One brief explains the results of the jury trial and subsequent return of the children to their family home.
“On May 11, 12, and 13 of 2010, a jury trial was held, and the jury determined that there were one or more statutory grounds for the Court to take jurisdiction over the Brent children based upon environmental neglect. The conditions of the Brent home were unsuitable, and it was also found that there was medical neglect of at least one of the children who was found to be suffering from lead poisoning and a severe speech impediment. Dispositional hearings regarding the placement of the Brent children were held on June 2, 2010, and the children were released to their parents, but remained under the supervision of DHS. On September 10, 2010, the jurisdiction of the Court was terminated. Plaintiff had improved the conditions of their home, had cooperated in receiving services provided, and the children’s needs were being met.”
The brief calls Brent’s lawsuit “an impermissible collateral attack on state court proceedings” and “nothing more than a vexatious action by a disgruntled litigant.”
It goes on to say, “First, the present situation is an example of why judges, referees, and social workers are afforded immunity from suit to protect them from becoming defendants in suits filed by disgruntled persons who are unhappy with the judicial process. The referees and judges who adjudicated the state court case are shielded by absolute immunity.

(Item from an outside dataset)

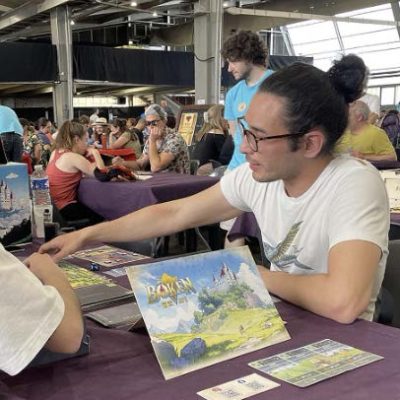 Visiteurs jouant au jeu de société Bôken au Festival du jeu de Pau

Furthermore, the social workers who investigated the abuse and neglect complaints against Plaintiff and participated in the state court proceedings against the Plaintiff also enjoy immunity from suit for their alleged actions or inactions.”
Despite the last claim, U.S. District Court Judge John Corbett O’Meara recently held that claims of immunity for the CPS worker involved in the Thal and Julian Wendrow were not valid, and has allowed the case to proceed against her, although he granted immunity to prosecutors Deborah Carley and Richard Gorcyca.
A hearing on the motion for summary judgment by the defendants has been set for Tues. Sept. 20, 2011 at 9:30 AM before District Judge Julian Abele Cook, whose courtroom is in the Federal Building at 321 W. Lafayette in downtown Detroit.